Bütün imtihanlar bu soru dairesinde toplanır. Bu soru, bir tanışma teklifidir. Bekler Yaradan kulundan. Sorudaki bu tanışma teklifine, kulu cevap versin:


“Sen benim Rabbim,bense senin aciz kulun” .

 
Yaradan memnun oldum desin. Kulu da bu memnunluk şerefi bize ait diye cevap versin. Yani Yaradan, razı oldum kulum senden dediğinde kulunun da karşılık olarak Hamd olsun Âlemlerin Rabbine demesini Hamd ü senâlar etmesini bekler. İşte hiçbir şeyden haberi olmayan bir insanın bile bu nizama baktığında bir Yaradan var; bizimle,benimle tanışmak istiyor dememe hakkı yoktur

Âdem İşte insan, hayatının en azından bir anında bu tanışmayı gerçekleştirmesi gerekir:


 Kafasını kaldırıp göğe, her yere –nereye bakarsa baksın- O NİZAMI görüp kafasının içindeki AKILLA anlayıp, anlayışını gönlüne indirip RABBİYLE tanışması gerek.
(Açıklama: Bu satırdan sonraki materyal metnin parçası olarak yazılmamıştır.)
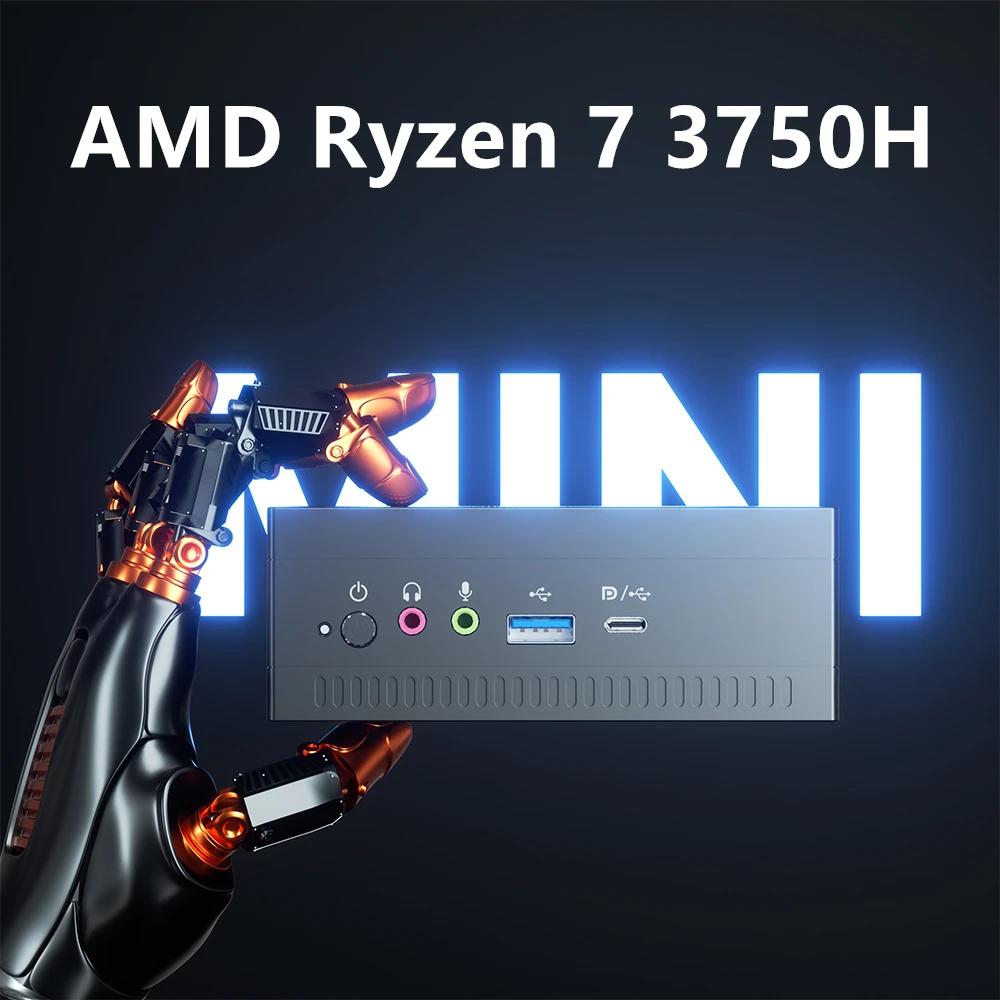 AMD ̴ PC  7 3750H 2700U  ھ  10 ׷ 2 * DDR4 M.2 NVME ũž ̹ ǻ,  11 4K HDMI2.0 DP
 Düşün; bu nizam, insan yokken yaratıldı; yani Kart. Ve şimdi hem nizam -kart; hem kartı okuyacak insan var. Yani NİZAM-KART, insan için yaratıldı.İnsan bunu okusun,görsün ve Rabbini bilip Onunla tanışsın diye.

 
 Tüylerim ürpermiş, gönlüm yumuşamıştı. Çok garip bir ruh haline bürünmüştüm bu konuşmadan sonra.
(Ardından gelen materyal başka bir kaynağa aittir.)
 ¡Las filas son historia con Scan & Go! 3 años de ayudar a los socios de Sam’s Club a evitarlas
-Evet dedim kendi kendime. Koca Nizamın içinde, altında gezdim de bir kez olsun kafamı kaldırıp: Bu nizam niye,ne, kim, için tefekkürünü yapmadım. Kartvizitin üzerinden adeta basarak geçtim.Ne körmüşüm! ..Her yerde olan Allah’ı hep bir yerde, bir yerlerde aramışım; ona da aramak denirse. Belki de her yerde olan Yaradan’ı belli yerlere hapsetmişim. Ne cahillik. Ne utanç verici. Ruhum acımaya başlamıştı. Yaradan’ı hiç bu kadar kendime yakın hissetmemiştim. Neredeyse ağlayacaktım. Tüylerim diken dikendi. Bu durumumun fark edilmesini istemiyordum.İlhami Abiye hemen bir soru yönelttim:


- İlhami Abi dedim.


 Aslında İlhami Abicim demek gelmişti içimden.Çünkü ona olan saygımın yanında bir sevgi de doğuyordu.


-İlhami Abi dedim. Demin dediniz ki:Yaradan kartvizitinde SEN KİMSİN sorusunu sorar. Bu soru imtihandır aynı zamanda. Ben şöyle öğrenmiştim: RABBİMİZ BEN KİMİM DİYE sorar. Ben kimimle, sen kimsin sorusunun arasında çok zıt anlam var. Bunu açar mısınız?


- Açmaya gerek yok Âdem dedi ve devam etti. Aslında ikisi de aynı soru. Önce Rab kuluna kim olduğunu sorarak kendini, nefsini öğrenmesini istiyor.


Kendi nefsini bilen de zaten Rabbini biliyor dedi.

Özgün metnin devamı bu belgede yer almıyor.